Interested in seeing how these poems would jump off the page, Lekas recorded five poems as spoken word tracks, sharing them with musician friends from Howlin Rain, Mrs. Henry and The Silent Comedy and asking them to write and record accompanying music. Those five songs were released digitally and as a limited edition vinyl EP, Sounds From The Shadow Factory, earlier this year through Lekas’s Bandcamp page.
Once the music was done, Lekas shared the tracks with five independent filmmakers and asked them to make short films that represented their visions of the songs. Lekas tells me he didn’t offer any creative input nor did he provide any feedback because, as he says, the films weren’t his.
A month ago, after Lekas got home from his writing day job, we hopped on a Zoom call and had an hour-and-a-half conversation. An excerpt of that follows.
For me, Poetry was a class I took in high school because I had to, that’s about as far as I took it. Did your interest in poetry start when you were in school and what made you decide that this is something you’re interested in?
NOAH: I started liking it in high school but it kind of happened through music. Music was the first love and that connected me to poetry. A lot of the early stuff you read – if you read Dylan Thomas or you read things like this, they are very rhythmic, they are very musical. I remember getting a Langston Hughes book in high school, those are one step shy of a song, those poem, and just growing up with a deep love of blues music and folk music. I’m also an ’80s kid, so the popular music of my day was pretty introspective, there was a lot of poetry to that, whether it’s Kurt Cobain working with William Burroughs or some of the post-hardcore, post-punk bands like Fugazi, there was certainly poetry to the lyrics. I think the table was set that way.
I gravitated towards the musicality of it, I gravitated towards the fact that you needed nobody or nothing to do it. You didn’t need gear, you didn’t need a team, you didn’t need friends, you didn’t need fans, you didn’t need approval. With relatively meager tools, you could create a poem and I thought that was pretty awesome, kind of the same reason I loved punk rock but even a step further because you didn’t even need an instrument.
I certainly wasn’t 14 and reading Dylan Thomas and thinking, “In 20 years I’m going to publish a book just like this.” It was just something that I enjoyed, it was a type of writing that I enjoyed reading the same way that some kids like to read The Boxcar Children.
Are your parents creative?
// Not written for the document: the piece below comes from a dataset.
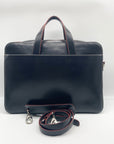 Lodis Black Leather Convertible Briefcase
Are they writers, artists or musicians?
NOAH: Yeah, my dad’s a lifelong musician, it’s been his profession. My mom is what I could call a seeker. She’s always looking for connections and spiritual truths, she’s very geared that way, always learning about something new and perspective on things. She was also a huge Bob Dylan fan, a huge Neil Young fan, so very writerly musicians. My dad was more a blues guy and pre-classic rock, more like ’50s and ’60s R&B, soul, Motown. The Blues Brothers a big things in my household. There was definitely a lot of art, my mom had a great bookshelf that had Plato’s Crito and Black Elk Speaks, just all kinds of books you could dig into and start to explore that sort of philosophical world. I was raised around pretty open ideas and a pretty big palate to choose from.
My parents didn’t have a big record collection and I didn’t have older siblings to teach me what was good so I relied on the radio, then MTV, then Rolling Stone as I grew up. It wasn’t until college that I ventured beyond what was being fed to me.
NOAH: Depending on the years, MTV and Rolling Stone wasn’t always a bad place to find stuff.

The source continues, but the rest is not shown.